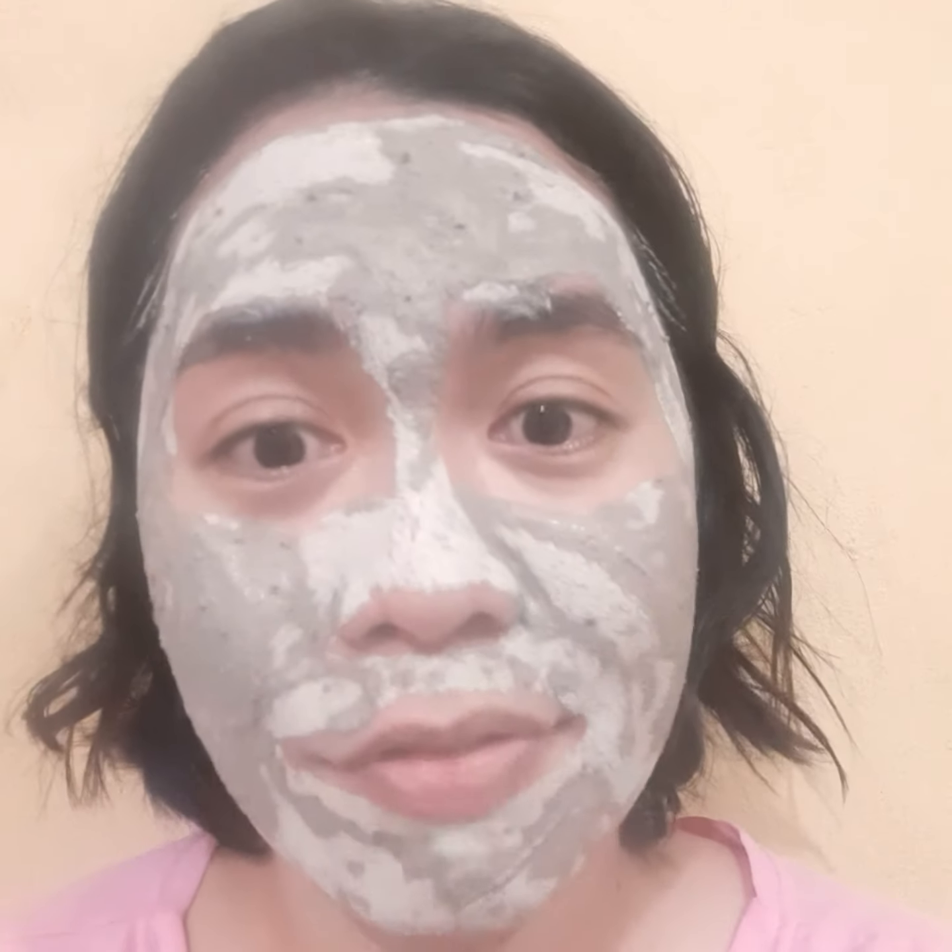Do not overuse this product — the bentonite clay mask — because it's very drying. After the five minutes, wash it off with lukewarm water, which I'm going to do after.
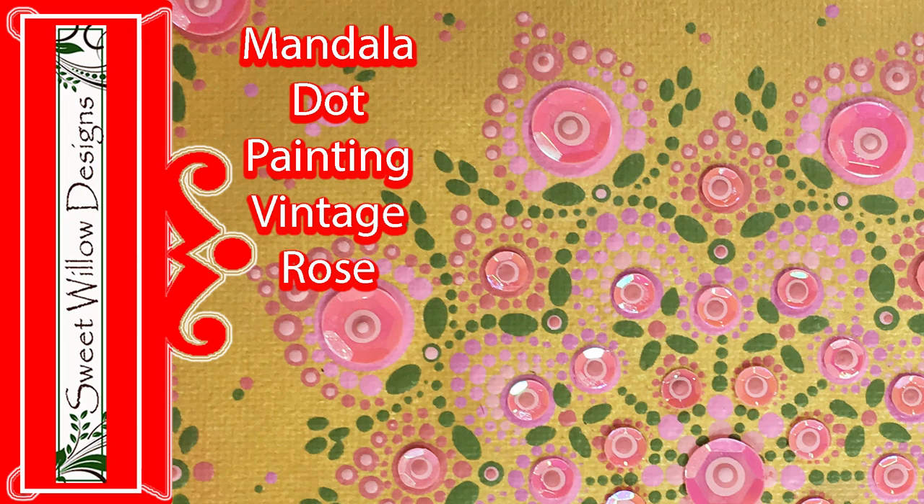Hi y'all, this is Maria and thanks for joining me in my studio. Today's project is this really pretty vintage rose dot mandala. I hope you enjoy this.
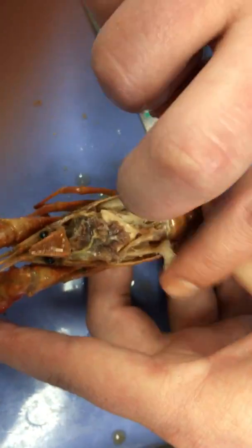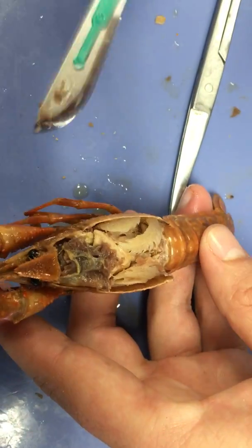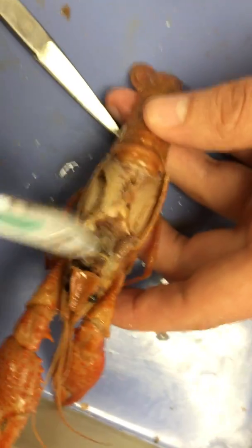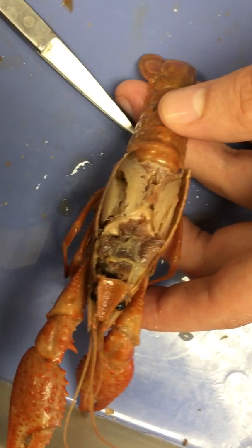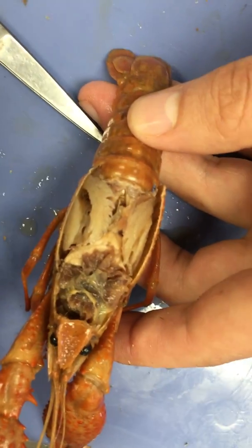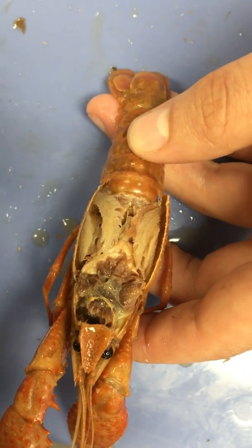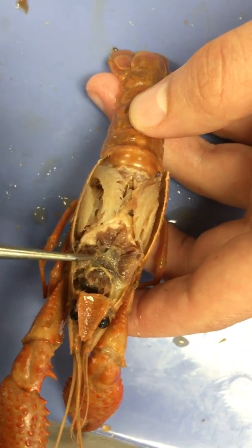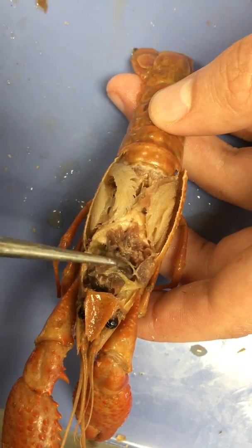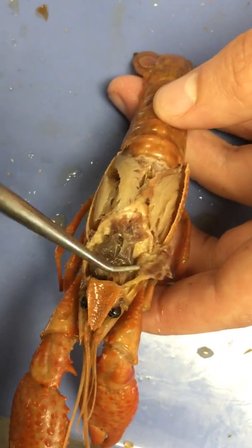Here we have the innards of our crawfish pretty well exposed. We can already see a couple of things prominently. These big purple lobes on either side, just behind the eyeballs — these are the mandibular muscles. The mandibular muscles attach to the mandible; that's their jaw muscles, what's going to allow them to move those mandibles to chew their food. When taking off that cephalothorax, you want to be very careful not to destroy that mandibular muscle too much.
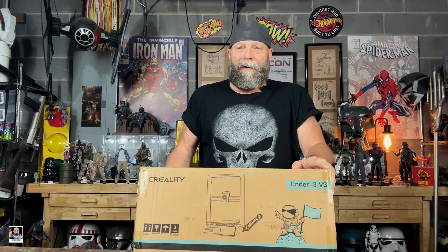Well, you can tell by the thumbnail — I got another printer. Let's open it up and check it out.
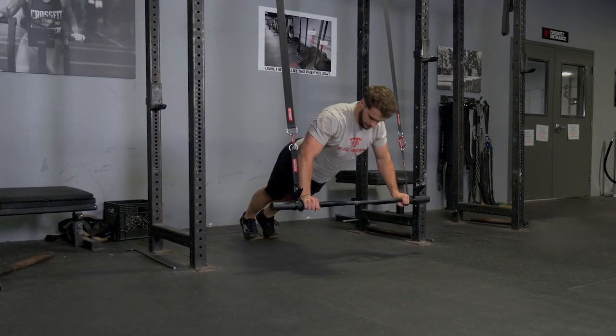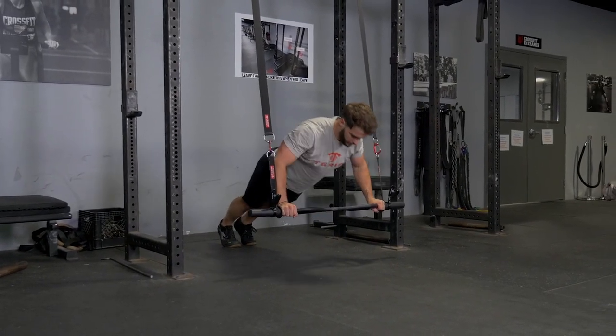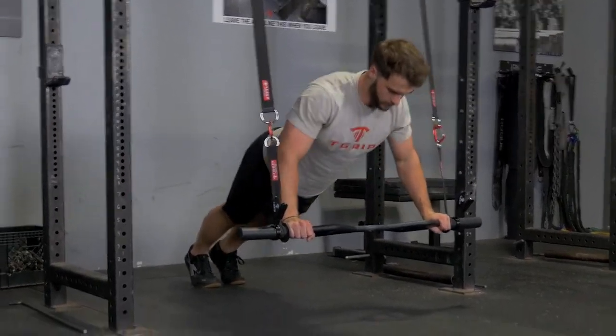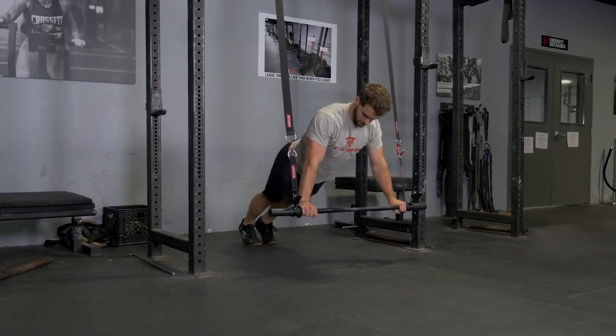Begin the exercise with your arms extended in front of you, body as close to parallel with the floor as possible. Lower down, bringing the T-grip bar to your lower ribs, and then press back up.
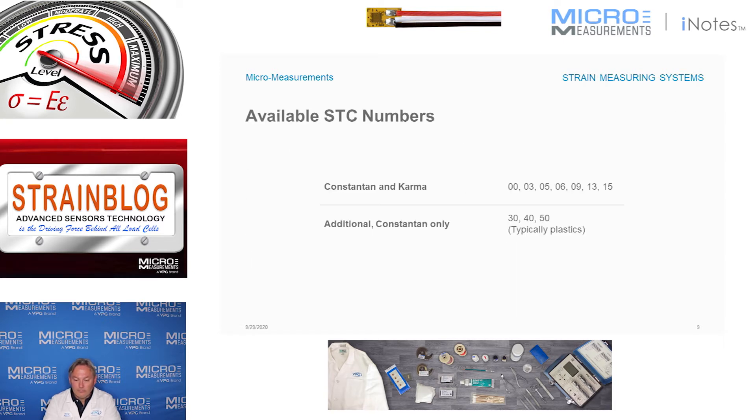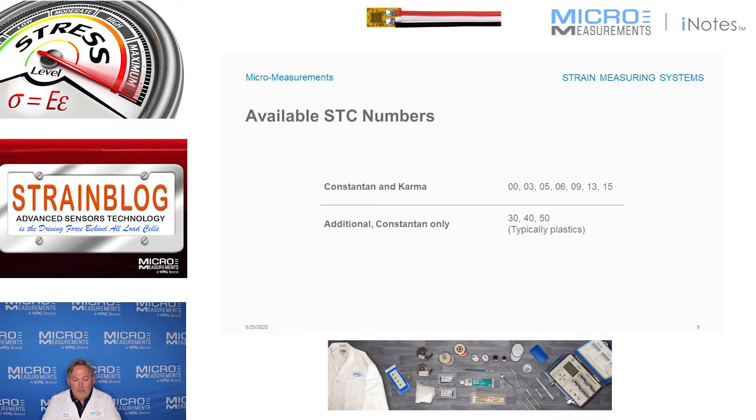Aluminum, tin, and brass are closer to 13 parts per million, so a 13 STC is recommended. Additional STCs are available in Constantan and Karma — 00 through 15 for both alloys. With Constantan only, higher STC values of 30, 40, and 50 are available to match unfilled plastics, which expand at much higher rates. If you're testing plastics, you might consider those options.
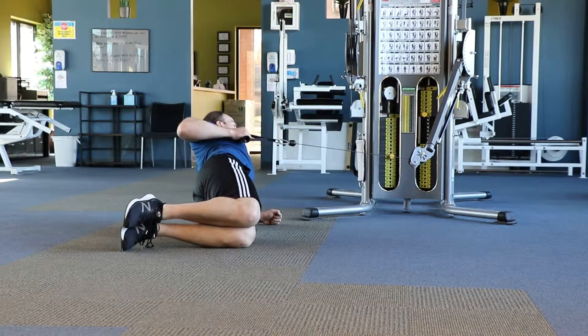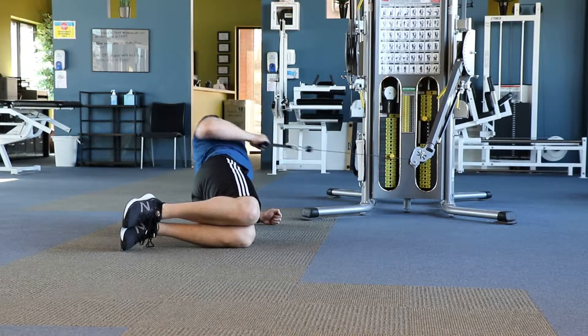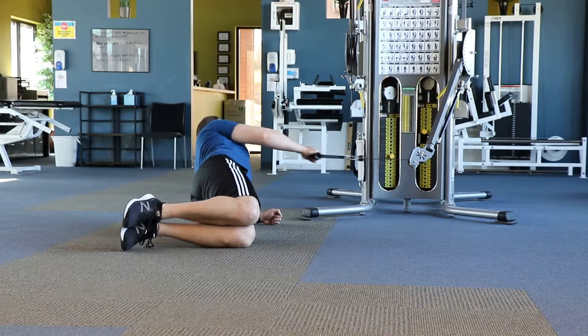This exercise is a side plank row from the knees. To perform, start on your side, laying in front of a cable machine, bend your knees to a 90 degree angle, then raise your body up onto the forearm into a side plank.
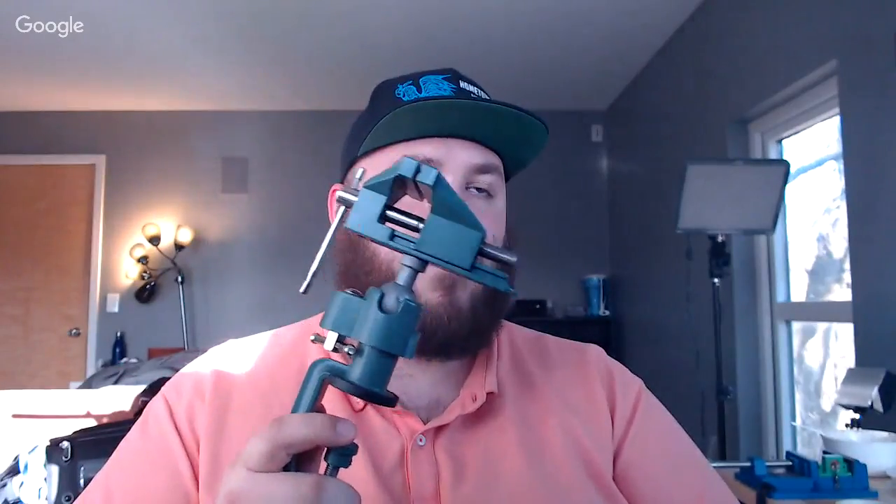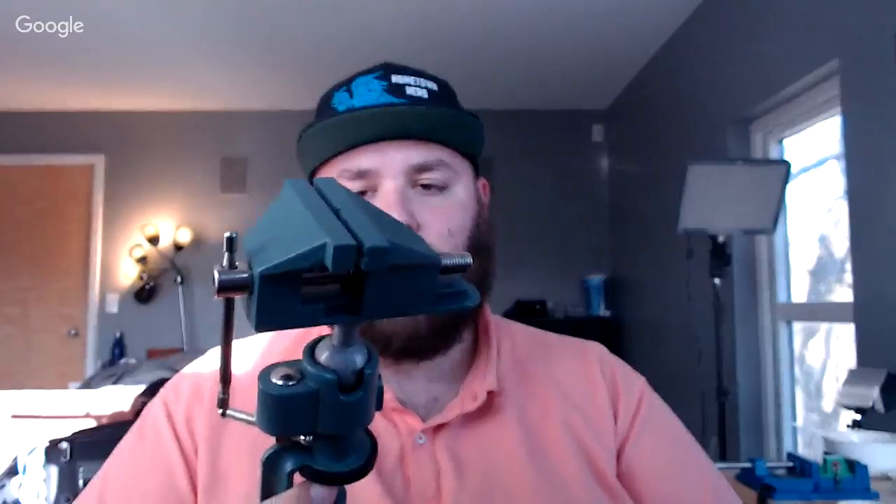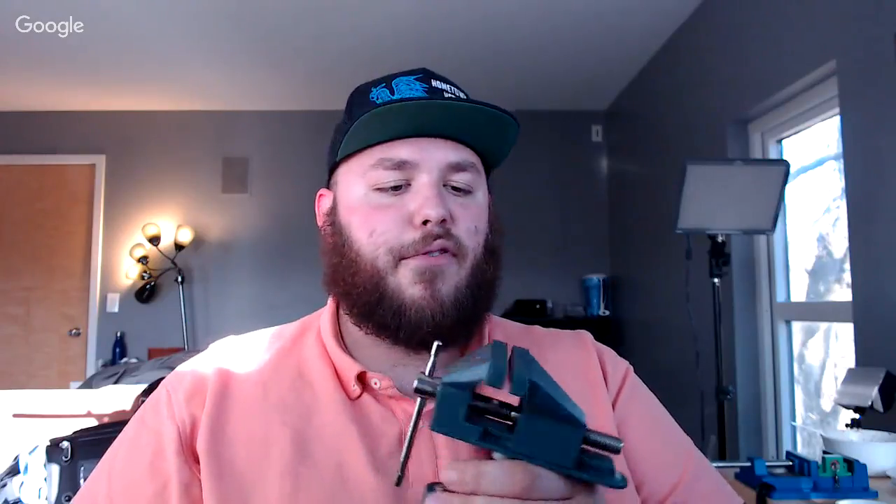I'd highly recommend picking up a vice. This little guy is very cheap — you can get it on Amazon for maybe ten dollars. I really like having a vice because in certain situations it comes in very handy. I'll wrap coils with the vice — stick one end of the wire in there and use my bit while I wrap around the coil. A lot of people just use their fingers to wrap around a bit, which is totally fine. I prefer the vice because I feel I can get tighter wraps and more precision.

- - - - -

Task objective:
What you return must match the records letter for letter, except that the pictures stay out.

Exercise response:
Do not overuse this product — the bentonite clay mask — because it's very drying. After the five minutes, wash it off with lukewarm water, which I'm going to do after.
Hi y'all, this is Maria and thanks for joining me in my studio. Today's project is this really pretty vintage rose dot mandala. I hope you enjoy this.
Here we have the innards of our crawfish pretty well exposed. We can already see a couple of things prominently. These big purple lobes on either side, just behind the eyeballs — these are the mandibular muscles. The mandibular muscles attach to the mandible; that's their jaw muscles, what's going to allow them to move those mandibles to chew their food. When taking off that cephalothorax, you want to be very careful not to destroy that mandibular muscle too much.
Well, you can tell by the thumbnail — I got another printer. Let's open it up and check it out.
Begin the exercise with your arms extended in front of you, body as close to parallel with the floor as possible. Lower down, bringing the T-grip bar to your lower ribs, and then press back up.
Aluminum, tin, and brass are closer to 13 parts per million, so a 13 STC is recommended. Additional STCs are available in Constantan and Karma — 00 through 15 for both alloys. With Constantan only, higher STC values of 30, 40, and 50 are available to match unfilled plastics, which expand at much higher rates. If you're testing plastics, you might consider those options.
This exercise is a side plank row from the knees. To perform, start on your side, laying in front of a cable machine, bend your knees to a 90 degree angle, then raise your body up onto the forearm into a side plank.
I'd highly recommend picking up a vice. This little guy is very cheap — you can get it on Amazon for maybe ten dollars. I really like having a vice because in certain situations it comes in very handy. I'll wrap coils with the vice — stick one end of the wire in there and use my bit while I wrap around the coil. A lot of people just use their fingers to wrap around a bit, which is totally fine. I prefer the vice because I feel I can get tighter wraps and more precision.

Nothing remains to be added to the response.